• [What needs to be done] Exactly as written, return every line of the data below apart from the pictures.

• [Collected material]

========

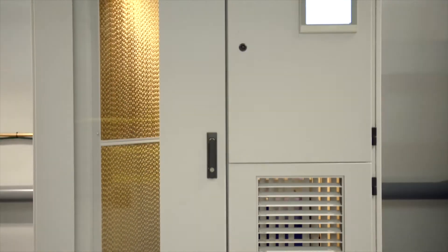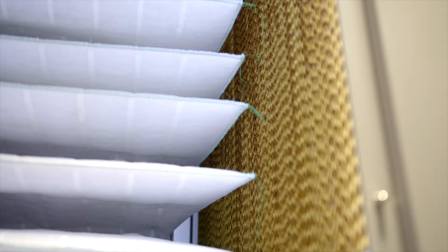Evaporative cooling is an effective fresh air alternative to air conditioning that enables you to maintain internal temperatures below 25 degrees Celsius all year round, making it an ideal solution for cooling large spaces such as factories, warehouses, gyms and data centers.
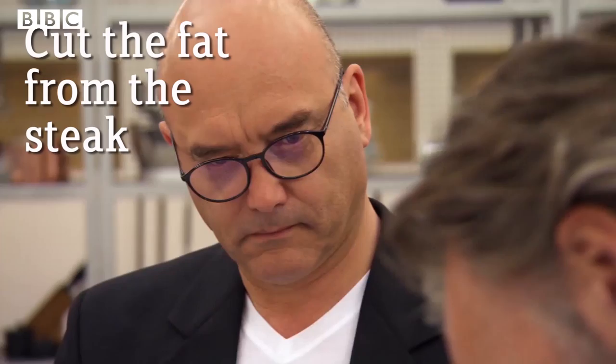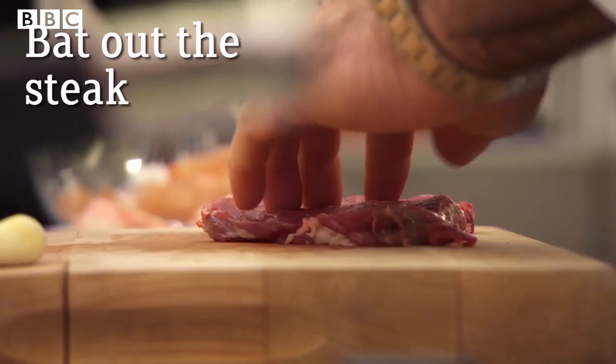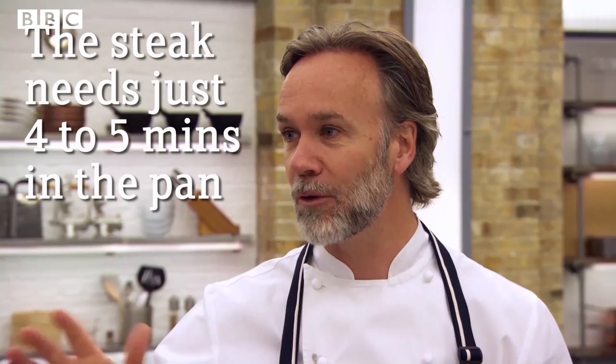The first thing I'm going to do is cut the fat from the outside of the steak. Patting out the steak is the most important part because it's got only a few minutes in the pan — they need four to five minutes.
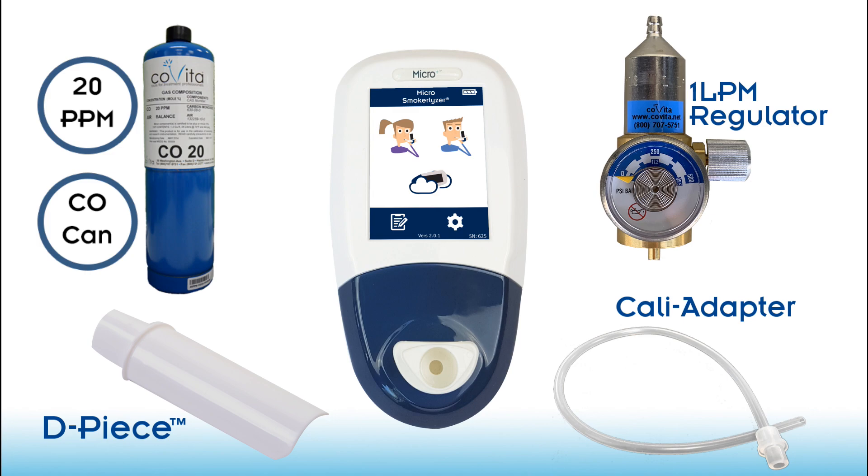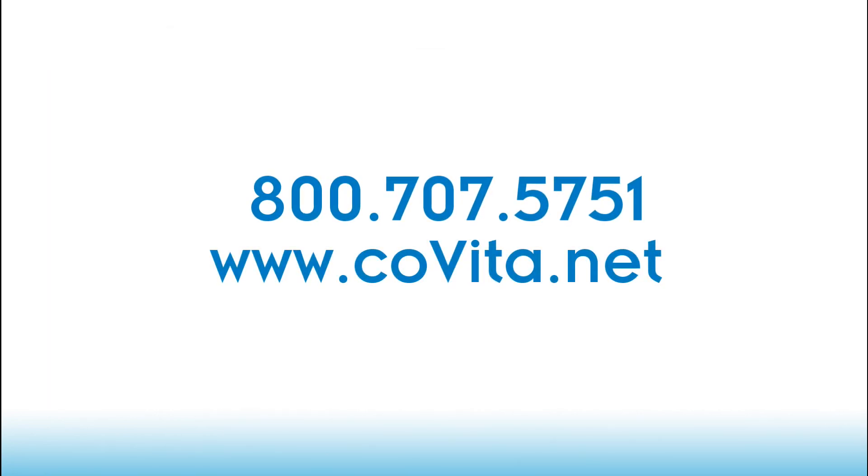Now that we have all our supplies, we can begin the calibration steps. If you are missing any of these items, feel free to give us a call here at Covita or go to our website to place an order.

========

• [Response]
Evaporative cooling is an effective fresh air alternative to air conditioning that enables you to maintain internal temperatures below 25 degrees Celsius all year round, making it an ideal solution for cooling large spaces such as factories, warehouses, gyms and data centers.
The first thing I'm going to do is cut the fat from the outside of the steak. Patting out the steak is the most important part because it's got only a few minutes in the pan — they need four to five minutes.
Now that we have all our supplies, we can begin the calibration steps. If you are missing any of these items, feel free to give us a call here at Covita or go to our website to place an order.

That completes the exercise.